Patrick Bateman is a fictional character created by novelist Bret Easton Ellis, serving as the villain protagonist and unreliable narrator of Ellis's 1991 novel *American Psycho*, and played by Christian Bale in the 2000 film adaptation.

He is a wealthy, materialistic yuppie and Wall Street investment banker who leads a secret life as a serial killer.

At the start of the story he is a 27-year-old specialist in mergers and acquisitions at the fictitious Wall Street firm of Pierce & Pierce, born 23 October 1961 into a wealthy family.

He lives at 55 West 81st Street on the Upper West Side of Manhattan, on the 11th floor of the American Gardens Building, where he is a neighbor of actor Tom Cruise.

He attended Phillips Exeter Academy for preparatory school and graduated from Harvard College and Harvard Business School before moving to New York City.

Core Philosophy

He conceives of himself as hollow: "There is an idea of a Patrick Bateman. Some kind of abstraction. But there is no real me. Only an entity. Something illusory... I simply am not there."

He claims to have all the characteristics of a human being — flesh, blood, skin, hair — "but not a single, clear, identifiable emotion, except for greed and disgust," and senses that "my mask of sanity is about to slip."

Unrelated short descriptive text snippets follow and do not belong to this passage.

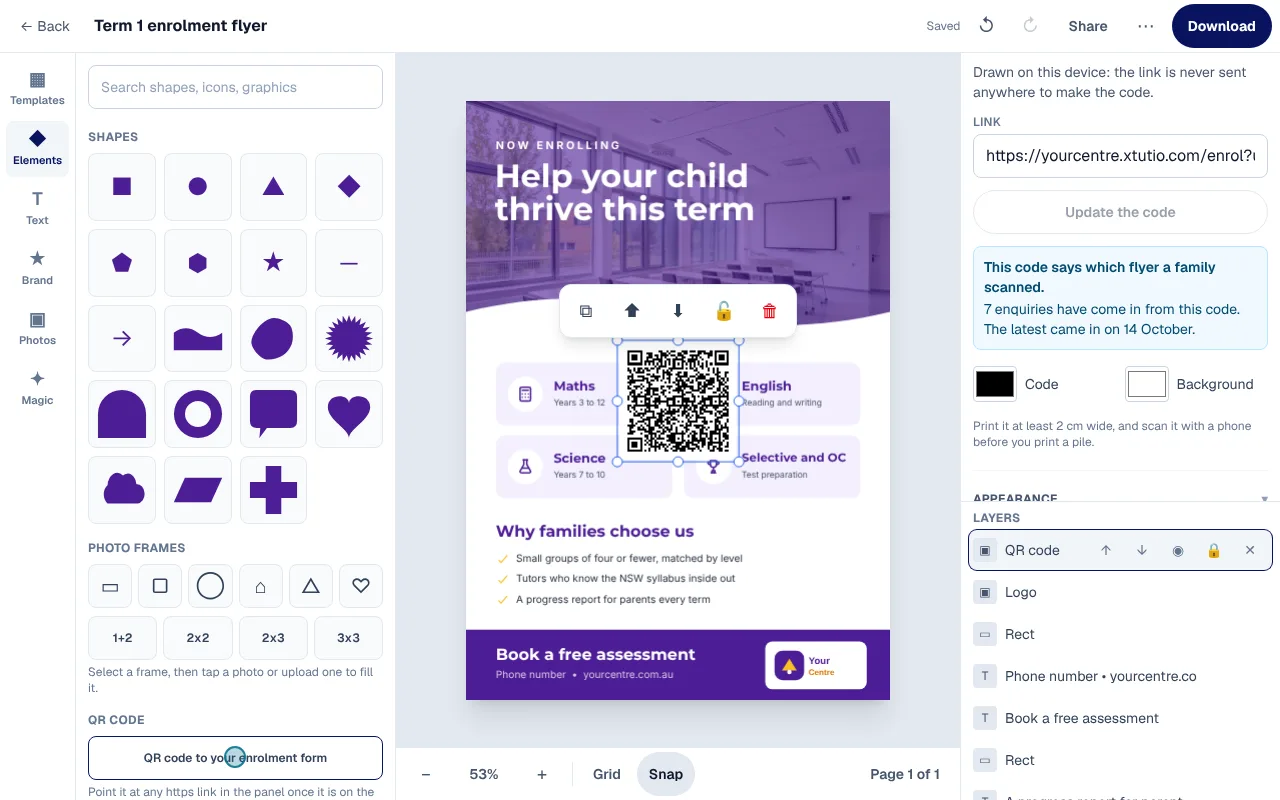 A QR code on an enrolment flyer, with its panel saying 7 enquiries have come in from this code.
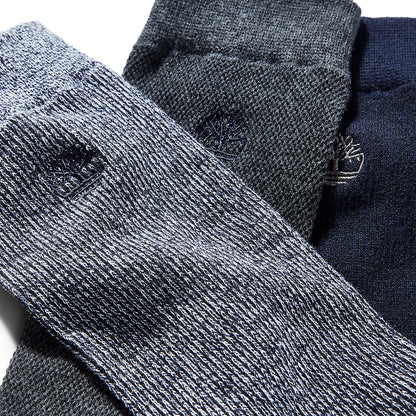 Timberland Mens Three Pair Pack Piqué Crew Socks for Men in Navy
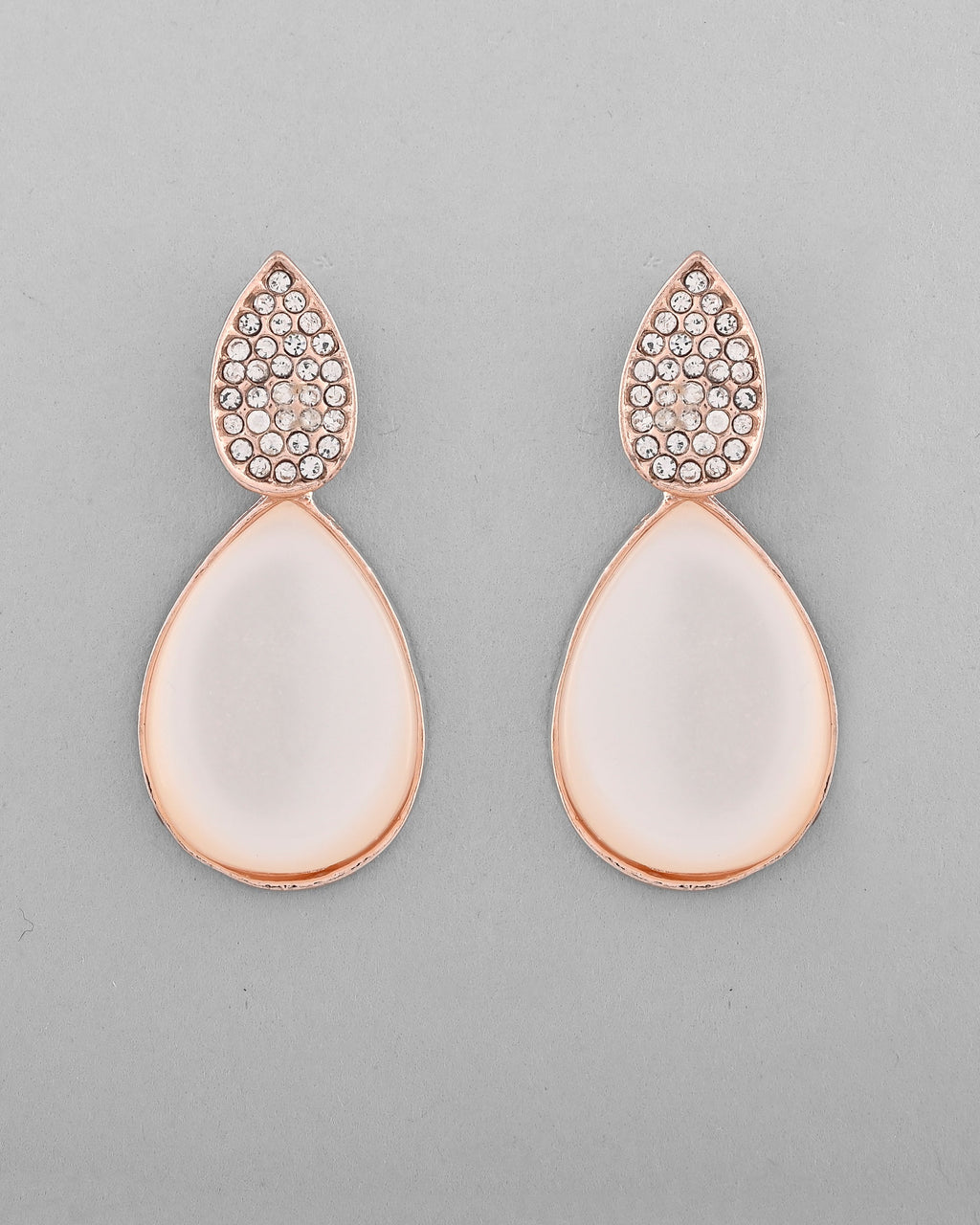 VOJ Gold-Polished CZ-Studded Korean Drop Earrings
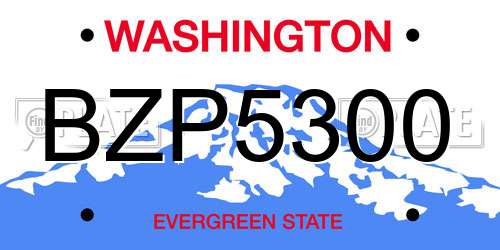 BZP5300 Washington License Plate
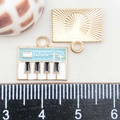 DIY piano keyboard charm and golden sunburst pendant with round rings for jewelry making - Lake Blue Enamel Piano (13*15mm)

He treats the world as pure consumption, acting as if "everything is a commodity, including people," rationalizing the cannibalization of a victim by reminding himself that "this thing, this girl, this meat, is nothing."

He publicly espouses tolerance, equality, and "traditional moral values" because he believes it will make him more likable, while privately being virulently racist, homophobic, and antisemitic.

His final reckoning is nihilistic: "My pain is constant and sharp and I do not hope for a better world for anyone; in fact, I want my pain to be inflicted on others. I want no one to escape... This confession has meant nothing."

Decision-Making Patterns

He kills many of his victims because they make him feel inadequate, usually by having better taste than he does.

He compensates for chronic anxiety through obsessive vanity and personal grooming, exercising unwavering control over the details of his appearance and apartment.

He periodically and matter-of-factly confesses his crimes to friends, coworkers, and strangers, mainly to test whether anyone is actually listening.

When he wants to escape an uncomfortable encounter, he deploys the recurring deflection line, "I have to return some videotapes."

He spares his secretary Jean — the one person he feels is not completely shallow — and cannot bring himself to seduce or kill her.

Mental Models

He categorizes people by what they wear and how they look, because they are more easily "understood" in terms of labels and stereotypes.

He maps all relationships onto status competition — apartments, restaurant reservations, suits, and cards become proxies for whether he is winning or losing.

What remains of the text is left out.